Jecel Assumpcao Jr. jecel at merlintec.com
Wed Jul 25 14:12:16 UTC 2018


Ben Coman wrote on Wed, 25 Jul 2018 12:36:18 +0800
> On 25 July 2018 at 08:00, Phil B wrote:
> > On Tue, Jul 24, 2018, 7:18 PM Jecel Assumpcao Jr. wrote:
> >>
> >> One of the papers in that list is the 1997 techical report "The Space
> >> Overhead of Customization". One of the reasons that Java won over Self
> >> was that its simple interpreter ran on 8MB machines that most of Sun's
> >> customers had while Self needed 24MB workstations which were rare (but
> >> would be very common just two years later). Part of that was due to
> >> compiling a new version of native code for every different type of
> >> receiver even if the different versions didn't really help.
> >>
> >
> > Just had to interject... are you sure about the year and RAM sizes below?
> >  If correct, was this a lowest common denominator RAM size or perhaps a
> > report from several years earlier?

Self 3/4 was indeed from 1993 to 1994 while they paper that did that
space analysis was from 1997. The decision to drop Self and TCL in favor
of Java was from late 1994 and cited the installed base at that time,
not the machines that were being sold then.

> > I remember in 1997 (might have been early '98) buying a Sun Ultrasparc 2
> > with 256MB RAM for work (for a workstation, not our servers which had far
> >  more) and having 192MB RAM in one of my machines at home.  Seems
> > strange that 'most' of Sun's customers would be at 8 meg in that timeframe
> > as 16-32 was fairly common even on PCs on the low end of what I was working
> > with.
> 
> I got curious...
> 1993 = 66-MHz machine 16MB RAM
> 1997 = 233-MHz machine 64MB RAM
> 1999 = 500-MHz machine 128MB RAM
> https://www.pcmag.com/article2/0,2817,2390914,00.asp

When I talk to students about researching computer history, I always
caution them to take old magazines with a grain of salt.

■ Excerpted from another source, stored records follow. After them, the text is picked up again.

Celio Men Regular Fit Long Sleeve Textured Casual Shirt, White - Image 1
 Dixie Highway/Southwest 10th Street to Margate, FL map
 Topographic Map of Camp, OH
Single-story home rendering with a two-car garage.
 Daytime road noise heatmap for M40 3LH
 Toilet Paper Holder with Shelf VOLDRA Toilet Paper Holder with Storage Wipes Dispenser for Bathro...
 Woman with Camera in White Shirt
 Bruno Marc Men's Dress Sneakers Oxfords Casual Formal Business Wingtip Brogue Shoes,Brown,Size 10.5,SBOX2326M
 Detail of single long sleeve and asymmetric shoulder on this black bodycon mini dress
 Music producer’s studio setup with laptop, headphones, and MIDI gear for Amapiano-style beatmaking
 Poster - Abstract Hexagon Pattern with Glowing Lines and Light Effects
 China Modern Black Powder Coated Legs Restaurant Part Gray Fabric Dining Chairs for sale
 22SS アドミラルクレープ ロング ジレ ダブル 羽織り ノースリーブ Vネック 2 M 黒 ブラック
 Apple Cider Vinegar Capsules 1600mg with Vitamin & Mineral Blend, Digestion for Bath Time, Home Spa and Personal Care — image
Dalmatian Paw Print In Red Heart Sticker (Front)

I point out
that these tend to focus on the very best products and not what typical
people actually bought. If they looked at car magazines, for example,
they might conclude that in 1978 everone was driving around in Ferraris
and BMWs.

And like I said above, you have to take into account that most computers
at any moment in time are older models and not what is being sold then.

Though we like to make graphs that show smooth growth in computer
history, that isn't always the case. For disks, for example, we got
stuck with 5 and 10MB for nearly half a decade before stepping up to
20MB (and then a quick jump to 30MB with the switch from MFM to RLL).
Soon after that an exponential growth started that is still going on
today.

In the same way, two factors slowed down memory size growth between the
late 1980s and early 1990s. One was the antidumping actions by the US
against Japanese companies and on PCs there was a problem that people
didn't have software that could use more than 1MB even if they were
buying machines with 4MB. Workstations and Macs (and Ataris and Amigas)
didn't have that problem nor did PCs after Windows 3.1 become popular.